* [GIVEN INFORMATION]:
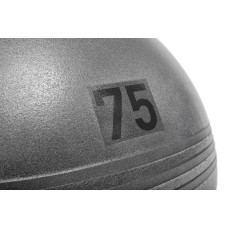 Фітбол Adidas Gymball 75 см, сірий, код: 885652008662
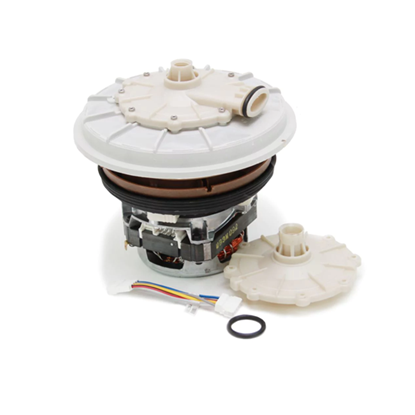 Picture of Whirlpool PUMP&MOTOR - Part# W10428167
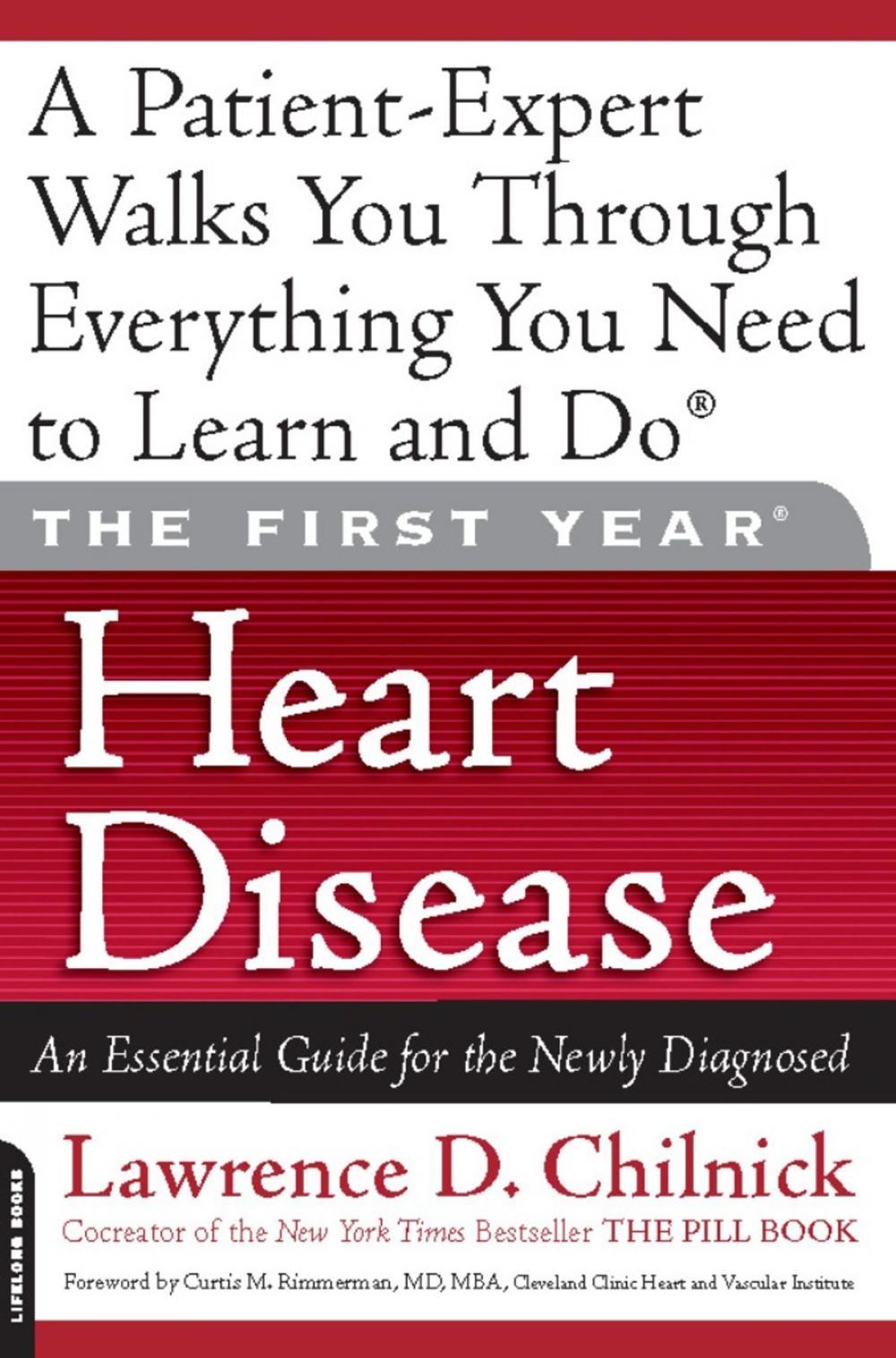 Big bigCover of The First Year: Heart Disease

* [WHAT THE TASK ASKS]: Where the material above includes pictures, omit them and retype everything else exactly.

* [SOLUTION BELOW]:
 Фітбол Adidas Gymball 75 см, сірий, код: 885652008662
 Picture of Whirlpool PUMP&MOTOR - Part# W10428167
 Big bigCover of The First Year: Heart Disease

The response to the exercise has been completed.